Thursday, December 29, 2011

Graph Database: neo4j

If we start looking around us in real life we’ll find more and more things are either in form graph or web of graphs. How are peoples connected with each other? How does money flow in a system? How are restaurants, hotels, and roads interconnected? How does a message flow on a social network? We’ll end up with a graph if we try to draw them on white board.

We are dealing with kind of similar domain model in our project. We got a flexible model using some out of box design approaches over relational database. But this flexibility came with some tradeoffs put in by limits of relational database. Growing size of data is a concern; tens of millions of rows get added to a single table every couple of months. We are striving to come up with an improved and better-fit solution before we hit the wall down the road after few years. This provoked us to dive into NoSQL movement and do some experimentation. This paradigm shift to see things in natural form seems interesting or may be some food for thoughts. It may help in solving some of the problems what we have been thinking of. I'll try to touch on NoSQL and neo4j in this post.

Faceoff: acronym NoSQL is not for “No SQL” or “Never SQL”; it is “Not Only SQL”. So most of the times, it means working on some no SQL persistence system along with SQL (relational) database, separating content between the two based on use case.

Different Types of NoSQL Data Models:

Key/Value Stores – fits well for very high volume of data having relatively low complexity e.g. Amazon Dynamo
Column Stores – fits well for high volume of data having fairly high complexity e.g. Hbase, Cassandra, BigTable
Document Databases – a middle path between high volume of data and high complexity e.g. Mongo, CouchDB
Graph Databases – fits well for fairly high volume of data having high complexity e.g. neo4j

Why a graph database (neo4j)?
  • Many domains are graph oriented and they are poorly mapped to tables. Why take the pain of squeezing a graph into table?
  • Performance problems due to SQL joins for connected data  
  •  ACID and JTA compliant – only NoSQL DB, I know so far, which supports transactions like relational DB 
  •  Relationships can be added dynamically if required 
  •  It can represents one to one mapping from real life domain model
You might have heard about Facebook Graph API and Open Graph Protocol; which see data in form of graph of different domains like people, places, business, and events.

Data Modeling in Graph Database (neo4j): 
Entities are nodes – all nodes have ids; id is uniquely created automatically for every new node and it cannot be changed

-         Tied relationships to connect nodes – uniquely identified by its type and direction

-       Properties (key/value pairs) – they can be attached to any node or relationship.

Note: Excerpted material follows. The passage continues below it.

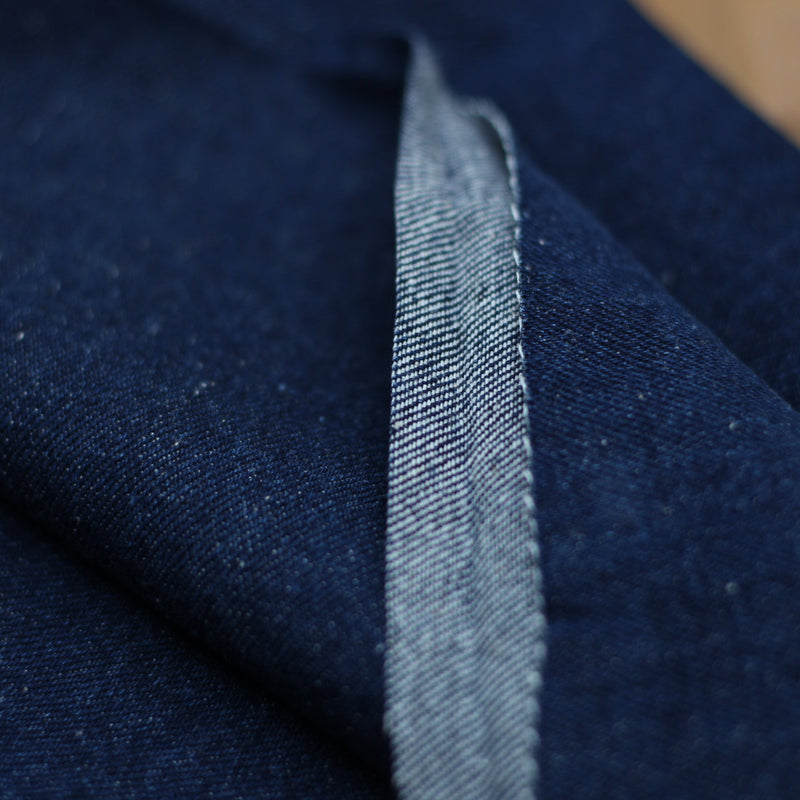 Tissu Jean - Bleu Brut (Vendu x10cm) Tissus Sélection Gaspard & Léonie | Gaspard et Léonie Tissus en ligne et Mercerie à Toulouse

Only java primitives can be used for properties, objects go as nodes.

This is a little similar to how we bind data (e.g. single level JSON object) to a node in DOM and then access it later. For example we do this using jQuery

var user = {‘name’:‘John’, ‘age’:28, ‘department’:‘IT’};

${“#user_div”}.data(“userInfo”, user);  // bind data to element having id=“user_div”

alert( ${“#user_div”}.data(“userInfo”).name );  // prints John

Spring Data Graph:
This is a JPA for graph database. An annotation driven, aspectJ based domain layer framework from SpringSource for mapping.

Graph query language. Neo4j also supports a powerful native traversing mechanism to retrieve data from graph.

Real Life Use Cases:
-         Social Networks
-         Geo Spatial Data
-         Recommendation Engines

Test Case – 1000 persons having 50 friends on average over 4 levels. What is query time to find out if any two persons, picked randomly, are friends?

Result – it is 2000 ms for relational database and 2 ms for neo4j. Neo4j reports 2 ms even if number of persons are increased to 1 million. Remember search complexity of a tree from graph theory and algorithm class in school?